Dee Powers, Francis Gary Powers, Francis Gary Powers, Junior, General George Catlett Marshall, Junior, George Catlett Marshall Museum and Library

The Cold War Museum Of Warrenton, Virginia – Established By The Son Of U-2 Pilot Gary Francis Powers

The Cold War Museum, of Warrenton, Virginia, is located within a former top secret military base, that was established in 1942 as a Army Security Agency monitoring station named the “Vint Hill Farms Station”, that ended its intelligence operations, as a result of the 1993 Base Realignment and Closure Commission, upon its closure on June 1997.

Photograph of Gary Francis Powers standing by a U-2 aircraft in the 1960s.
U-2 test flight over Lake Tahoe, California.
Kelly Johnson the designer of SR71 and U-2 with Francis Gary Johnson at the Lockheed at Burbank, California in 1963.

Gary Francis Powers, Junior the son of Gary Francis Powers and Sue Powers established the original musuem in 1996 as a tribute to all Cold War veterans. Francis’s father had served as a U-2 pilot and as an American Cold War era spy. On May 1, 1960, the armed forces of the Soviet Union shot down Gary Francis Powers’s U-2 plane while he was conducting a reconnaissance mission.

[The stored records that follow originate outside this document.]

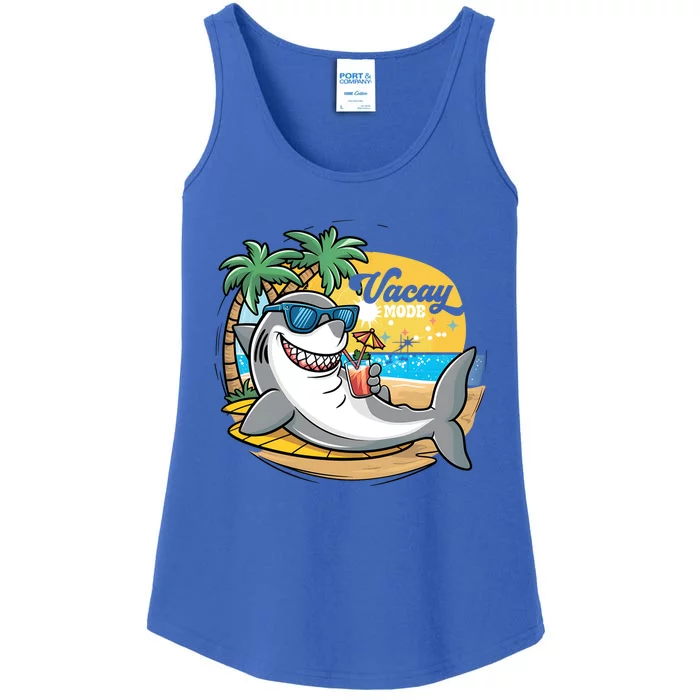 Vacation Summer Cool Shark In The Beach Sweet Vacay Mode Funny Gift Ladies Essential Tank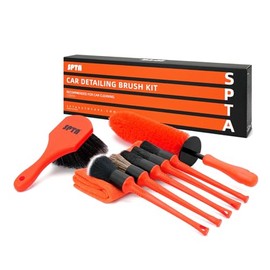 SPTA - Juego de 8 cepillos para Ruedas y neumáticos para Detalles de Coche, Cepillo para Polvo de Rueda y llanta, 5 cepillos para detallar, Cepillo para Polvo de Limpieza de Mango Corto, 1 paño de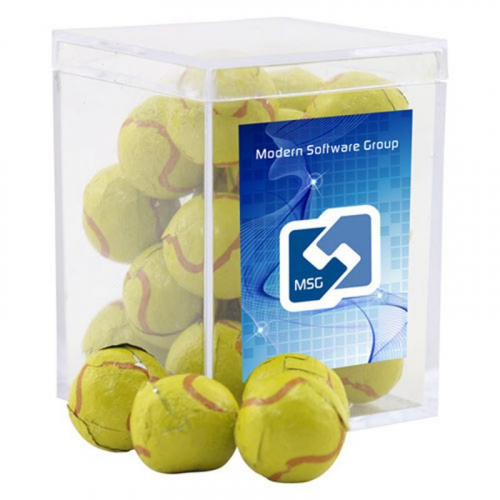 Acrylic Box with Chocolate Tennis Balls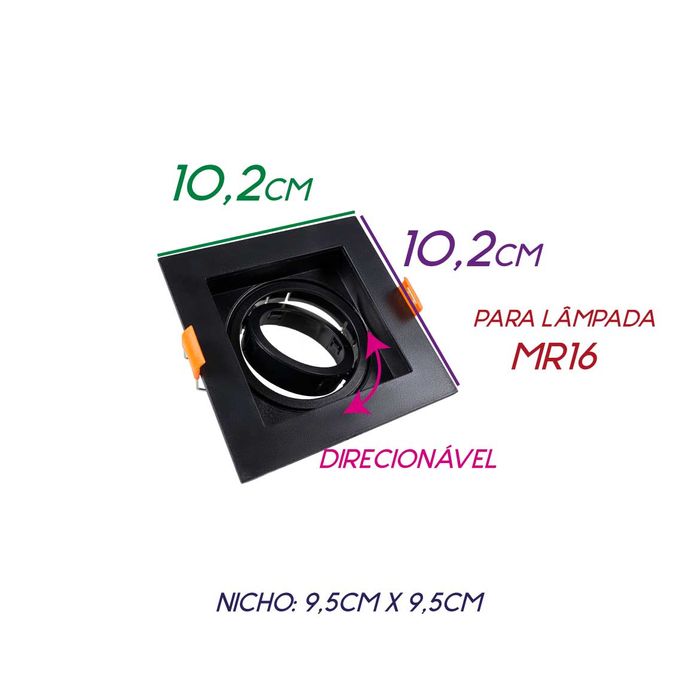 Spot Embutir Conecta ABS Preto para MR16 DL146DICB Bella ST2348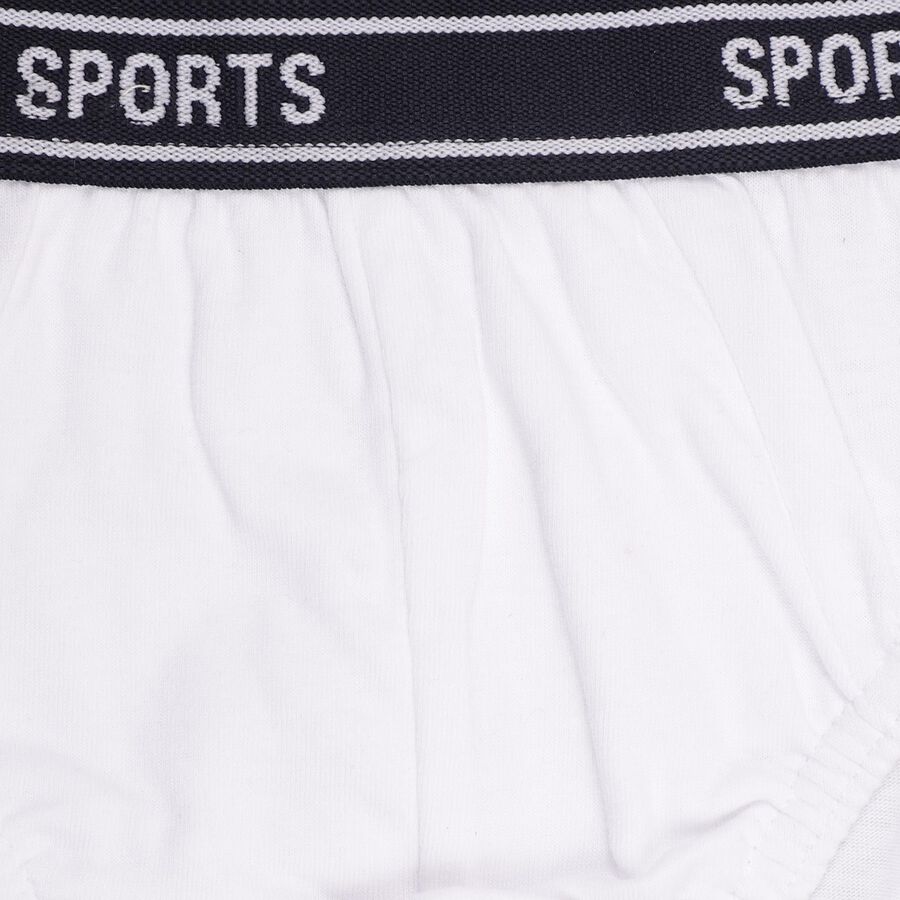 Boys' 100% Cotton Briefs, White, large image number null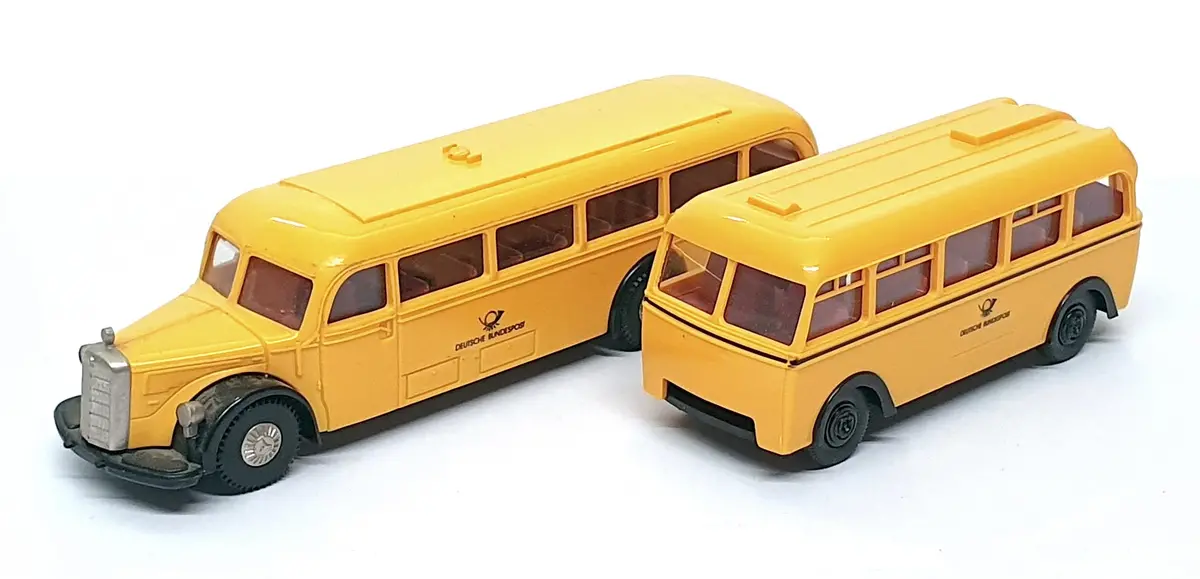 Brekina 1/87 Scale 255 - Mercedes Benz Bus & Orion Trailer Bus Deutsche Post Ag 1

During World War II, Vint Hill Farms hosted Japanese Americans whom helped the United States military intelligence interpret axis Japanese communications. During the Cold War the base was used in correspondence to spy missions on the Soviet Union. Vint Hill Farms was utilized as a covert operations center until 1997. Gary Francis Power, Junior established a traveling Cold War Museum in 1996, and in 2011 Francis established the permanent museum in Warrenton, Virginia.

The Cold War Museum at “The Barn”, which was part of the communications setup of the listening post interpreting foreign airways.
Author Philip Andrew Hamilton at the Gary Francis Power exhibit within the Cold War Museum. (November 29, 2020).

On November 29, 2020, Philip Andrew Hamilton had the opportunity to visit the Cold War Museum and spoke with three military veterans; who were volunteers at the facility. Mike, a veteran of Vint Hill Farm, explained the technologies behind past communications devices used by military intelligence in addition to the fact that modern cellular phones utilize four types of radio technologies developed during the Cold War.

The second level of the museum consisted of various exhibits on Area-51, the “Space Race”, Soviet Propaganda and the Strategic Air Command of the U.S. Air Force.

Philip Andrew Hamilton with military veteran Mike Washvill, whom trained at Fort Devens, Massachusetts as an Electronic Warfare and Intercept Systems Repairer. Mike Washvill did a tour in East Germany near the Czechoslovakian border and in 1983 transferred to Vint Farm Station. From 1983 to 1984, Mike Washvill worked on Electronic Material Readiness Activity (EMRA) and Signal Intelligence (SIGINT) equipment at the building behind the current museum. (Photograph taken at second floor of the Cold War Musuem November 29, 2020).

Author’s Note:

In 2019, Francis Gary Powers, Junior spoke to the the George Catlett Marshall Museum and Library regarding the need to identify and preserve former Cold War sites.